Page MenuHomePhabricator

Site: 2 VM %request for etherpad
Closed, ResolvedPublic

Description

Cloud VPS Project Tested: n/a, tested in production
Site/Location: eqiad/codfw
Number of systems: 2
Service: etherpad
Networking Requirements: internal
Processor Requirements: 1
Memory: 2GB
Disks: 15GB
Other Requirements: none

Same as T300568 and before that T243475 but a little more RAM which we increased meanwhile.

etherpad1004 replacing etherpad1003 to upgrade to bookworm (parent task T316421)

Additionally we are creating the equivalent in codfw since this was the only service left with a SPOF.

Event Timeline

Dzahn changed the task status from Open to In Progress.Feb 9 2024, 5:20 PM
Dzahn claimed this task.
Dzahn updated the task description. (Show Details)
Dzahn added a project: collaboration-services.

Change 999957 had a related patch set uploaded (by Dzahn; author: Dzahn):

[operations/puppet@production] site: add etherpad1004 with insetup-role

https://gerrit.wikimedia.org/r/999957

Change 999957 merged by Dzahn:

[operations/puppet@production] site: add etherpad1004 with insetup-role

https://gerrit.wikimedia.org/r/999957

dzahn@cumin1002:~$ sudo cookbook sre.ganeti.makevm --vcpus 1 --memory 2 --disk 15 --cluster eqiad -t T357159 --group B --os bookworm etherpad1004
Ready to create Ganeti VM etherpad1004.eqiad.wmnet in the eqiad cluster on group B with 1 vCPUs, 2.0GB of RAM, 15GB of disk in the private network.

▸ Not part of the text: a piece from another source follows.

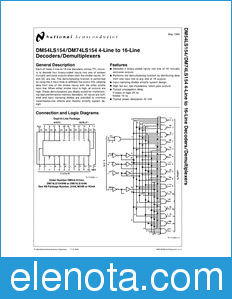 National Semiconductor DM54LS154 datasheet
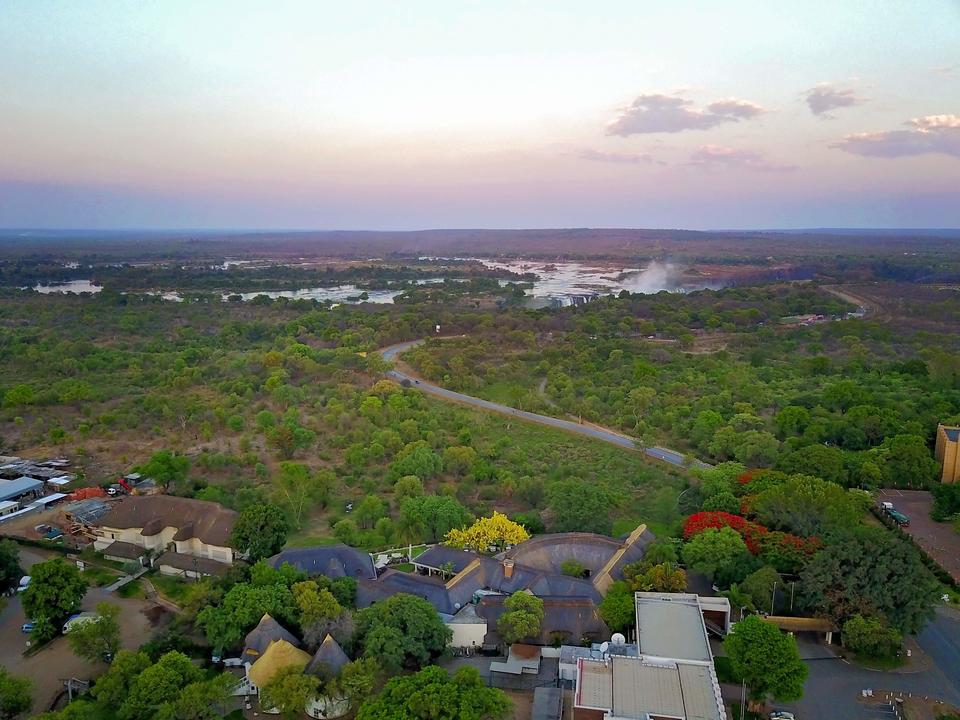 Arial view, spray of the falls from Ilala Lodge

Cookbook cookbooks.sre.hosts.reimage was started by dzahn@cumin1002 for host etherpad1004.eqiad.wmnet with OS bookworm

Cookbook cookbooks.sre.hosts.reimage started by dzahn@cumin1002 for host etherpad1004.eqiad.wmnet with OS bookworm executed with errors:

  • etherpad1004 (FAIL)
    • The reimage failed, see the cookbook logs for the details,You can also try typing "install-console" etherpad1004.eqiad.wmnet to get a root shellbut depending on the failure this may not work.
Dzahn triaged this task as Medium priority.

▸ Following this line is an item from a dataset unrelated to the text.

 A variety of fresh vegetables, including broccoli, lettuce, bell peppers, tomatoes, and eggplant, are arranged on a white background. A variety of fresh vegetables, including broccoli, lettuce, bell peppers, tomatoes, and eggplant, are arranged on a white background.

reimage failed because the puppetmaster had an issue at this time.

reimaged again after that was fixed and ready now.

sitting with "insetup" role:

Codename: bookworm
[etherpad1004:~] $

Dzahn renamed this task from Site: 1 VM %request for etherpad to Site: 2 VM %request for etherpad.Feb 12 2024, 4:49 PM
Dzahn reopened this task as Open.
Dzahn updated the task description. (Show Details)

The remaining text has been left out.